Fitch reaffirms L’Oreal’s F1+ rating

By Chris BARKER

- Last updated on GMT

Fitch reaffirms L’Oreal’s F1+ rating

Related tags Cosmetics

The credit ratings Agency has affirmed L’Oreal’s Short-term Issuer Default Rating (IDR) as a stellar “F1+.”

According to Fitch, this, L'Oreal's highest possible rating, reflects factors such as the company’s “strong business profile and financial flexibility,”​ and its comprehensive market coverage.

The F1+ rating was reaffirmed from 2012, which the company previously achieved on the basis of its leading position in the global cosmetics industry.

A leading position

Key factors pointed to by Fitch included L’Oreal’s leading position in the cosmetics industry, with its sales growing faster than local cosmetics markets in all geographical areas.

The company posted overall sales growth of 5.5 per cent, compared to an industry average of 4.6 per cent.

Fitch also noted that the cosmetics giant’s good economic diversification and adaption to local consumer tastes plays a big role in their success, with emerging markets now making up 38 per cent of the company’s total revenue.

A tough consumer environment

Another point of interest was L’Oreal’s ability to continue growing even in a tough consumer environment, with an ageing global population in Europe and developed countries.

The key reason for this included the organization’s impressive control of pricing, strong innovation and good marketing capability.

The firm was also lauded for its strong increase in free cash flow generation capability, which was €1.4bn compared to €0.9bn in 2011, and its high net cash position of €1.6bn.

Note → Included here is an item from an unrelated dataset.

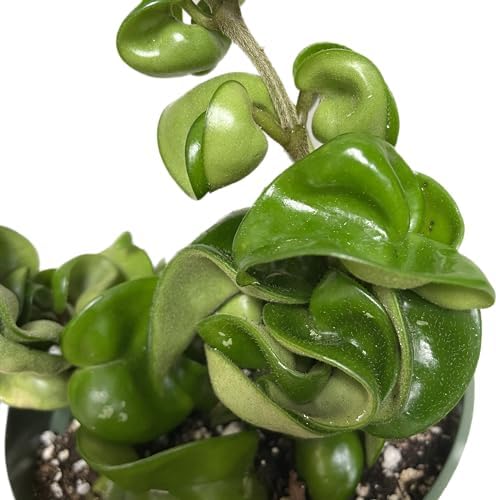 Hoya Compacta aka Hindu Rope Available in 2", 4", and 6" Pot Live Plant Air-Purifying (4" Pot with 2 Plants, Very Short Right Now) - Image 7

Fitch state: “the company's short-term IDR should remain comfortably at 'F1+'.”

Innovation-driven dominance

Oru Mohiuddin, Senior Beauty & Personal Care Analyst for Euromonitor PLC, told CosmeticsDesign-Europe.com that what sets L'Oreal's performance apart from other companies is their commitment to deep industry coverage combined with their focus on science-based innovation.

She gave the example of BB creams, which L'Oreal helped to introduce into Western markets and which has since become "a phenomenon​."

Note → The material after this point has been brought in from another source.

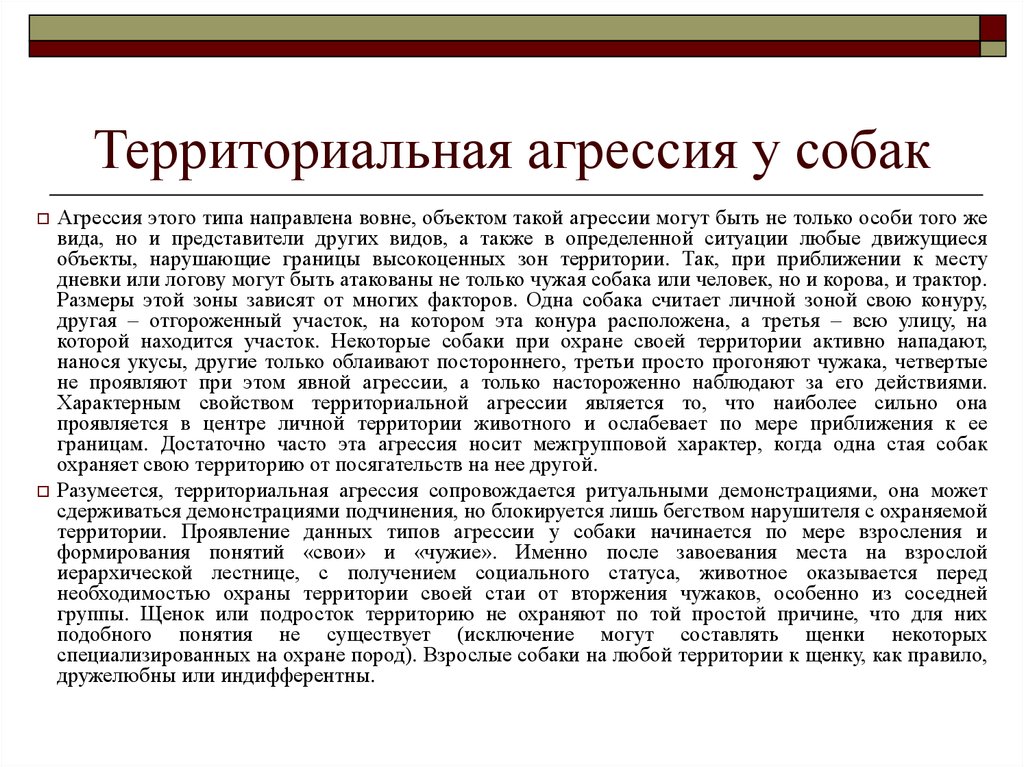 Территориальная агрессия у собак: причины, проявление и коррекция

She said: "Now that the industry is becoming more specialized you need more focus on R & D and aligning your products with science, particularly in fields like colour cosmetics and skincare." 

"Their (L'Oreal's) products have scientific claims about their active ingredients which set the industry standard. That is the model which you need to drive growth in the beauty industry at the moment."

"L'Oreal is well placed to dictate the course of industry trends."  

Exposure to cyclic markets

Fitch points out L’Oreal’s exposure to cyclic markets in its Professional and Luxury divisions. The ratings agency suggests that the economic slowdown in emerging economies like China and Brazil will slow the company’s sales growth from 10.4 percent in 2012 to the low single digits.

Potential future points of future rating sensitivity which were noted include deterioration in the group’s FCF profile, a total number of CP back-up lines below 100 percent of the total drawn under the CP programs and a Funds From Operations (FFO) leverage above 2.0x.